The second is `await`. While there is a comment in the code describing what that line is doing, it's worth noting that in general `await` will allow any pending reactive evaluations of the subsequent context(s) to occur before this operation continues. In this specific case, the only pending reactive evaluation is the console printing behavior updating the display for the change to `messages` as shown in the line directly before `await`.

[^1]: Meaning that behavior operations can be performed automatically if a behavior's context(s) change in some way.

[^2]: As before, text within double quotations here would be replaced by text meaningful to an actual declaration, in this case, the name of an actual context instance.

[^3]: A List in programming is a one-dimensional collection that can rather easily have items added and removed from it, much like an everyday list.

[^4]: IDE stands for Interactive Development Environment. These are software that parses a codebase and can inform a programmer about the code they are working with and also simplify a number of tasks that a programmer may wish to perform on the codebase.

[^5]: A dependency is any construct required by another construct for the latter to function as expected. All required contexts of a behavior or operation are dependencies. Some control flow qualifiers can also define dependencies with other operations.

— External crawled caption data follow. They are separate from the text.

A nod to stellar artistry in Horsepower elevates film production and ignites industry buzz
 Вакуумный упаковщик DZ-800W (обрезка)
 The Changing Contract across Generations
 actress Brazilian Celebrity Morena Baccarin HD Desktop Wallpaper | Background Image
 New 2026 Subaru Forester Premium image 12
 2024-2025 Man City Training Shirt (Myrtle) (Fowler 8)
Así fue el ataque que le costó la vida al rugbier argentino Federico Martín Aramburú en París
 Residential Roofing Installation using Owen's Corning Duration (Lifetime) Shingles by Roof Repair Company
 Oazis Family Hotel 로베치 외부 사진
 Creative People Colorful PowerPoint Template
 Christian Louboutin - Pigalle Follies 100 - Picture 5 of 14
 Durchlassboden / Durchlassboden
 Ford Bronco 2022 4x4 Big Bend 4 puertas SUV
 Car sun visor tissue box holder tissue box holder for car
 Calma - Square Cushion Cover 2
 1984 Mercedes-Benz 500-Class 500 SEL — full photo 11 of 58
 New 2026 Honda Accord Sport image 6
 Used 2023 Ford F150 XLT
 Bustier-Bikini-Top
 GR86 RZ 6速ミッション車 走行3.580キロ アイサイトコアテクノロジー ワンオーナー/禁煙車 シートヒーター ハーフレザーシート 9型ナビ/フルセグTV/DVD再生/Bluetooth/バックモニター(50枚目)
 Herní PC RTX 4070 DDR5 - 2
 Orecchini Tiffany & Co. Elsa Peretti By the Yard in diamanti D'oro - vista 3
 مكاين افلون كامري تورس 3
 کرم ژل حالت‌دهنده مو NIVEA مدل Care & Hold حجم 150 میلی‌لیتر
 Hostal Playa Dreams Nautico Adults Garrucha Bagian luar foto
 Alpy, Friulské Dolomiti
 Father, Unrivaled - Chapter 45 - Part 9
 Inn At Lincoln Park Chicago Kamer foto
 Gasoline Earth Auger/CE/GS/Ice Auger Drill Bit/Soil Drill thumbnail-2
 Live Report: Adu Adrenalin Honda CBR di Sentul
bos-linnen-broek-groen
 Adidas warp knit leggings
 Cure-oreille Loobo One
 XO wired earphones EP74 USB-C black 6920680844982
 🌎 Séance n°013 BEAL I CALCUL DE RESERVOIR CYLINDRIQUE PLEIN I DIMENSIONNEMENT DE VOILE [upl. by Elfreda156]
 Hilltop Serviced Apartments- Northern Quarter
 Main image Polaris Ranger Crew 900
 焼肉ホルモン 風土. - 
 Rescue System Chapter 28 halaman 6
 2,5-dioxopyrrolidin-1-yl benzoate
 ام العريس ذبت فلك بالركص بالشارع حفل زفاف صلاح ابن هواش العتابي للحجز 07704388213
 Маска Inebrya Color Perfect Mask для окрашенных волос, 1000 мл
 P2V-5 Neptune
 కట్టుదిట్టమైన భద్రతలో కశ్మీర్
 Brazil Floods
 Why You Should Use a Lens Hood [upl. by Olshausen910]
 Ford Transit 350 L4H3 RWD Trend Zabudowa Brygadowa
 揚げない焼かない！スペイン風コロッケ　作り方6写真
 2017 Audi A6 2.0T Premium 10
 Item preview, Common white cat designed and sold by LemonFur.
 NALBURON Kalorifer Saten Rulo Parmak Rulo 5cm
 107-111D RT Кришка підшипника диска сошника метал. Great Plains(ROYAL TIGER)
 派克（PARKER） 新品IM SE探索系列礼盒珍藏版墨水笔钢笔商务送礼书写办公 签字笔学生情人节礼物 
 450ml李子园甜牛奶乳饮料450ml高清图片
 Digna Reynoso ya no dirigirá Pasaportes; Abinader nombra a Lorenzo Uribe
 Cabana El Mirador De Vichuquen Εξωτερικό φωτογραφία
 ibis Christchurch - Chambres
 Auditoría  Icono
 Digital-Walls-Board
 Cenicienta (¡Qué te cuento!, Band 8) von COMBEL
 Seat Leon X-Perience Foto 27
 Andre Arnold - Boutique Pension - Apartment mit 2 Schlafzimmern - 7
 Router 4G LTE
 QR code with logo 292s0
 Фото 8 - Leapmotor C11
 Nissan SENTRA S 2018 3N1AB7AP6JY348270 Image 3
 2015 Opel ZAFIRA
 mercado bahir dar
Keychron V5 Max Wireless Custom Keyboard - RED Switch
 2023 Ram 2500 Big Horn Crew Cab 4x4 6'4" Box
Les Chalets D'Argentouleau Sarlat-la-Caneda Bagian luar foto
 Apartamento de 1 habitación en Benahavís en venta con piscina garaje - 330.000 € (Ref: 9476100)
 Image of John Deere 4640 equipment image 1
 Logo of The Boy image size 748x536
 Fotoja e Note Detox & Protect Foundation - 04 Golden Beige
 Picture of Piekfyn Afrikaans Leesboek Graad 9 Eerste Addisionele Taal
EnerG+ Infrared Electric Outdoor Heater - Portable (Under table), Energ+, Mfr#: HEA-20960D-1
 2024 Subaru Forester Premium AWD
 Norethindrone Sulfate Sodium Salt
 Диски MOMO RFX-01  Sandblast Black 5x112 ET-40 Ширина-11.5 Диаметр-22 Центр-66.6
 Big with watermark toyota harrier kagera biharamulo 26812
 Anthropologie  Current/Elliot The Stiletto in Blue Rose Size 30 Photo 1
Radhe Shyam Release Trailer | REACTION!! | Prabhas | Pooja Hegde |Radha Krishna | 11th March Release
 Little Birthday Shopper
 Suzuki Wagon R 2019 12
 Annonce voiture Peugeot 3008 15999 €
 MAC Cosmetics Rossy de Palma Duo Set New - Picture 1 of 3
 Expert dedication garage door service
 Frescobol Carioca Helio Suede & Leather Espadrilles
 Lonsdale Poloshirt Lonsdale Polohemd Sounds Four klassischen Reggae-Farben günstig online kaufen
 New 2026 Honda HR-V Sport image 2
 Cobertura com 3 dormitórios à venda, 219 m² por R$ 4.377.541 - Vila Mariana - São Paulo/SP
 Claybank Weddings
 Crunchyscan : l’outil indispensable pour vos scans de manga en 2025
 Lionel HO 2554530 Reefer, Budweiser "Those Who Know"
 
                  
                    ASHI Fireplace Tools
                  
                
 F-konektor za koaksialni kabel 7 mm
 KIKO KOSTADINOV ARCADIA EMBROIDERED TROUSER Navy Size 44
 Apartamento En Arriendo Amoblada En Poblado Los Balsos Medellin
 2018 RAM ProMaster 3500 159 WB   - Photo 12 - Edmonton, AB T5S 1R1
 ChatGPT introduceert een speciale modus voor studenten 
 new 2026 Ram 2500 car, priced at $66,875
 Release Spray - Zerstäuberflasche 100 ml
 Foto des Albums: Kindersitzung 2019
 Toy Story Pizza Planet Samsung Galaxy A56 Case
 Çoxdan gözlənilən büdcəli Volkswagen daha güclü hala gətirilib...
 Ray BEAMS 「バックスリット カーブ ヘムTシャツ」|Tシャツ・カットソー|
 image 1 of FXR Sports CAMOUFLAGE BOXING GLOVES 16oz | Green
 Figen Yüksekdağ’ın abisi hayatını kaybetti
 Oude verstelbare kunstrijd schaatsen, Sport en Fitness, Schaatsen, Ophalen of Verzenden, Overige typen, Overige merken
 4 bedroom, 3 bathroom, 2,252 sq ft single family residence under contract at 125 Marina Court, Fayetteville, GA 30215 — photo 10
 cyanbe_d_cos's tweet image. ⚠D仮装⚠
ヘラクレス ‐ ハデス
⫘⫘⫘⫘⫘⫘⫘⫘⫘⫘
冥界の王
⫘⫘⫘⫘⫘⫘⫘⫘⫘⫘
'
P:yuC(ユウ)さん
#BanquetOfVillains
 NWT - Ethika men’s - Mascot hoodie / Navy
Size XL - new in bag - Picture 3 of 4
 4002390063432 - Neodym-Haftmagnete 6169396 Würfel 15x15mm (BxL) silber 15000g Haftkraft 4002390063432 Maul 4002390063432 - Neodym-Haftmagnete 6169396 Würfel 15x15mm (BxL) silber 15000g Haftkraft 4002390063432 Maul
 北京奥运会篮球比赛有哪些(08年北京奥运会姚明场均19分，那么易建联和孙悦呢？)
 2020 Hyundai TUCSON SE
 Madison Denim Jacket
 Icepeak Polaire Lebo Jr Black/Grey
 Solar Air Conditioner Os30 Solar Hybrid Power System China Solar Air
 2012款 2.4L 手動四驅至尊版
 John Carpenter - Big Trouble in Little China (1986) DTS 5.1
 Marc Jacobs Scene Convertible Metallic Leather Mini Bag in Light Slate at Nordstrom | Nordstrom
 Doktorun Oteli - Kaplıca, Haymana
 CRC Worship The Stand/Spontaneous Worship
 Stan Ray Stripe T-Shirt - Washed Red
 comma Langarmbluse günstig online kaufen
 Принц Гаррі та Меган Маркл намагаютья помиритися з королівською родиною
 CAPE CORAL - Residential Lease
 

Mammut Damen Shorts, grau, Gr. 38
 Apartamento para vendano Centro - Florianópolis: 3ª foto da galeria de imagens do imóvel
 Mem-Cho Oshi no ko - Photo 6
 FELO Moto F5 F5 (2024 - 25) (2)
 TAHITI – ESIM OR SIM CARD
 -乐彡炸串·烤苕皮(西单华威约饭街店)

[^6]: Both of these are appended to the `Messages` list in their own way, as the result of user input.

[^7]: A new line, coded most often as `\n` in a string, is the same as using the `Enter` key when typing in a word document. The current line of text will end, and the cursor will move to the next row to type any new text. It functions the same when printing to the console.

[^8]: Any statement with `is` is an assignment statement, which is to say that the result of the right-side of `is` will be assigned to the variable specified on the left-side.